Ken MacLeod on RAW
Ken MacLeod, the brilliant Scottish science fiction writer, posted about Robert Anton Wilson after Wilson died.
MacLeod wrote that when he first read ILLUMINATUS! 30 years ago, he couldn't put it down, and was surprised to find he couldn't get into it when he had tried to re-read it recently. (This has not been my experience; it always seems fresh to me.)
But what I mainly wanted to record here is MacLeod's observations about two of Wilson's concepts.

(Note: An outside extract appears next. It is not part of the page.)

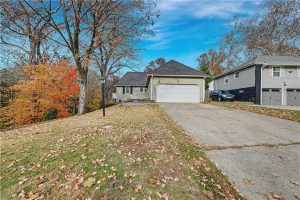 1406-NE-52nd-Terrace-mls-2588225-image-1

I've read bits and pieces of RAW's non-fiction, mainly the pamphlet Natural Law and the book Prometheus Rising. What stuck in my memory were two concepts: the reality tunnel, and the SNAFU principle. The 'reality tunnel' refers to the tendency to notice only what confirms our beliefs. The SNAFU principle points out that in a hierarchy, each person tends to tell their superior what the superior wants to hear, i.e. what confirms their beliefs. By the time information reaches the top of a hierarchy it may be degraded beyond recognition. These two ideas explain much that is otherwise incomprehensible. We tend to assume that, whatever else may be said about them, our leaders are better informed than we are. If RAW's insight is correct, they are likely to be far worse informed than the average citizen. (See? Suddenly, it all makes sense!)